🤖 AI Summary
To address robust out-of-distribution (OOD) uncertainty rejection without OOD supervision or modality-specific augmentation, this paper proposes a general-purpose framework. Methodologically, it introduces three key innovations: (1) latent-space expansion-based data augmentation, explicitly generating high-quality OOD samples; (2) a shared-MLP multi-head expert architecture that jointly models predictive diversity and uncertainty; and (3) an empirical trial-and-error mechanism for dynamic pseudo-label filtering to enhance rejection reliability.
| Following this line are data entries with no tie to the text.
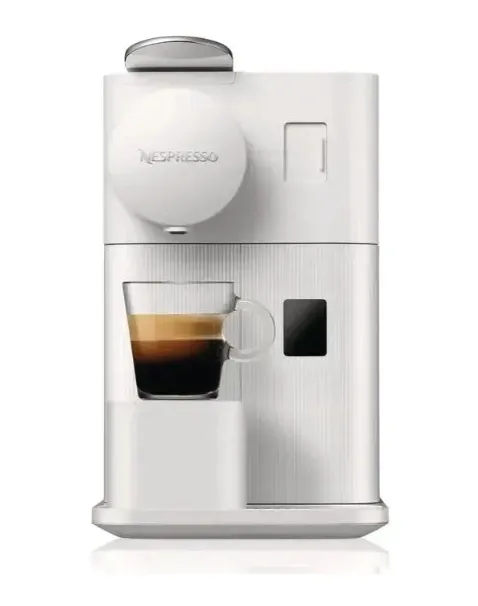 ekspres-delonghi-en510-w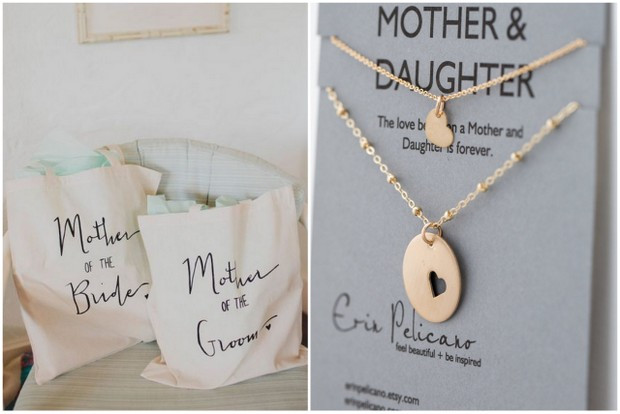 Wedding Gift Ideas For Mother Of The Bride
 10 Great Wedding Gifts for Parents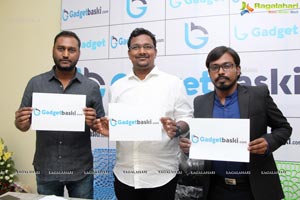 Gadgetbaski.Com Launch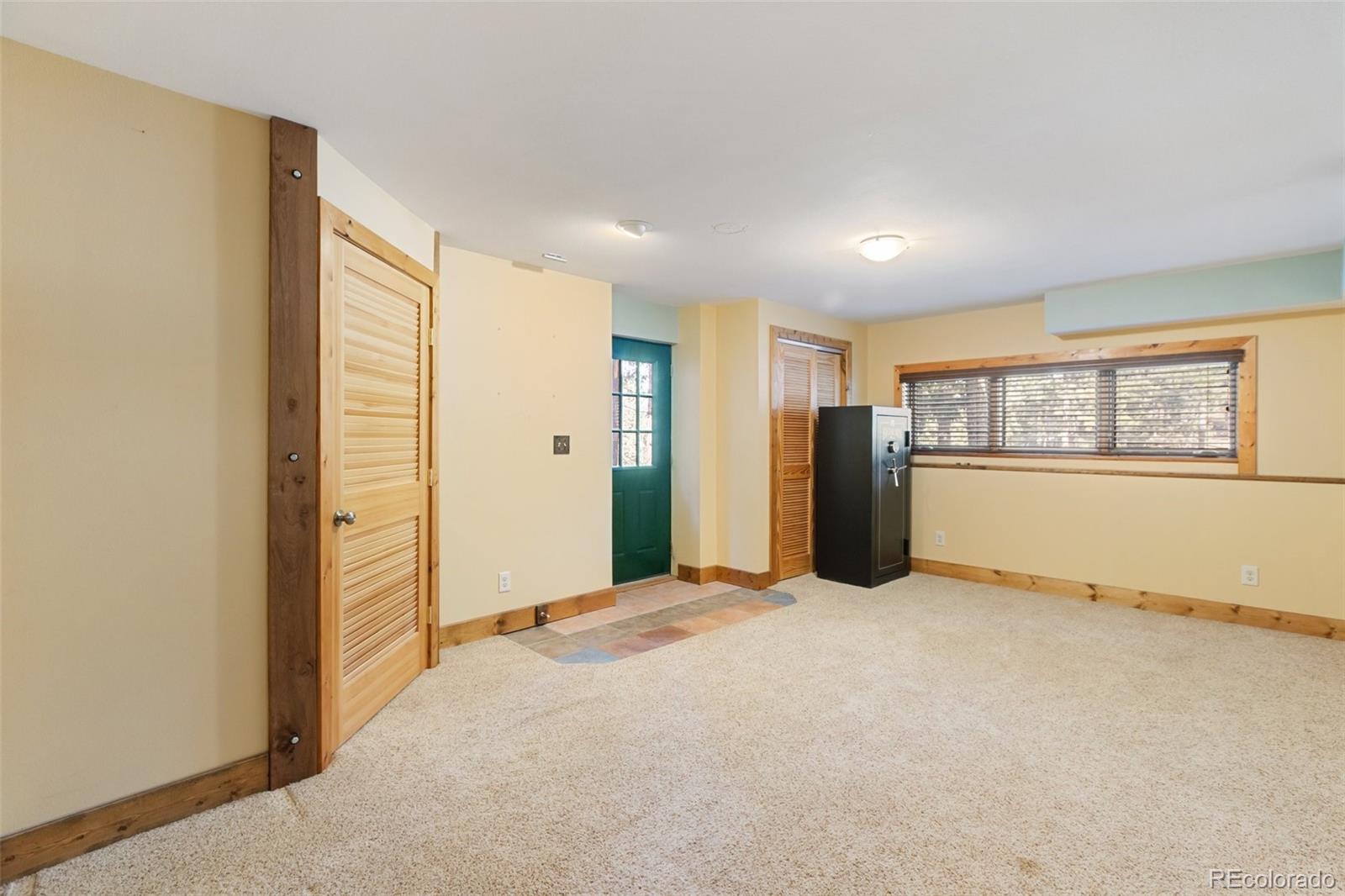MLS Image #38 for 1325  spruce ridge lane,woodland park, Colorado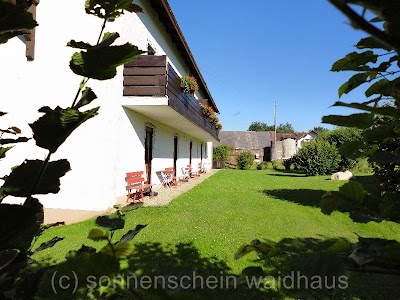 Photos of Pension Haus Sonnenschein Lang Barbara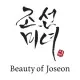 BEAUTY OF JOSEON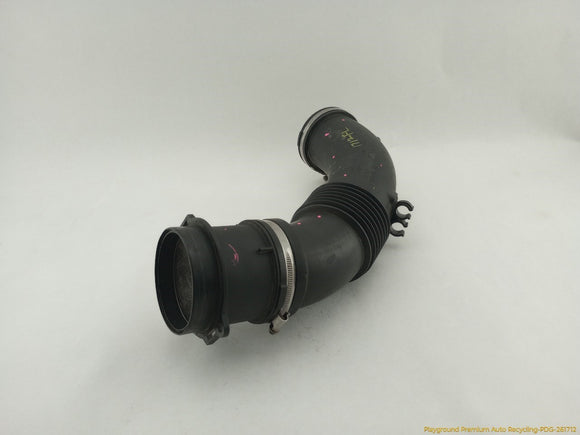 Audi S5 Air Intake Hose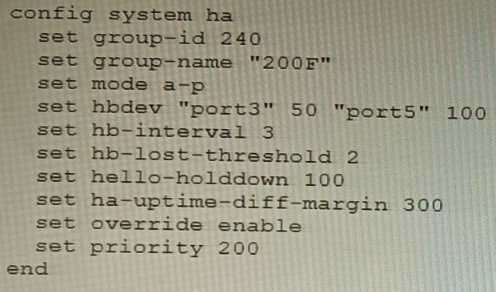 Certification Exam Fortinet NSE 8 - Written Exam (NSE8_812) Fortinet Fortinet-NSE8_812 12-2781406027 Certification Exam Fortinet NSE 8 - Written Exam (NSE8_812) Fortinet Fortinet-NSE8_812 12-2781406027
Evaluated on tabular data, the method consistently outperforms state-of-the-art approaches—achieving significant improvements in both OOD detection accuracy and prediction confidence calibration. These results demonstrate strong generalization capability and practical applicability across diverse OOD scenarios, while eliminating reliance on labeled OOD data or domain-specific augmentations.
📝 Abstract
Expansive Matching of Experts (EMOE) is a novel method that utilizes support-expanding, extrapolatory pseudo-labeling to improve prediction and uncertainty based rejection on out-of-distribution (OOD) points. We propose an expansive data augmentation technique that generates OOD instances in a latent space, and an empirical trial based approach to filter out augmented expansive points for pseudo-labeling. EMOE utilizes a diverse set of multiple base experts as pseudo-labelers on the augmented data to improve OOD performance through a shared MLP with multiple heads (one per expert). We demonstrate that EMOE achieves superior performance compared to state-of-the-art methods on tabular data.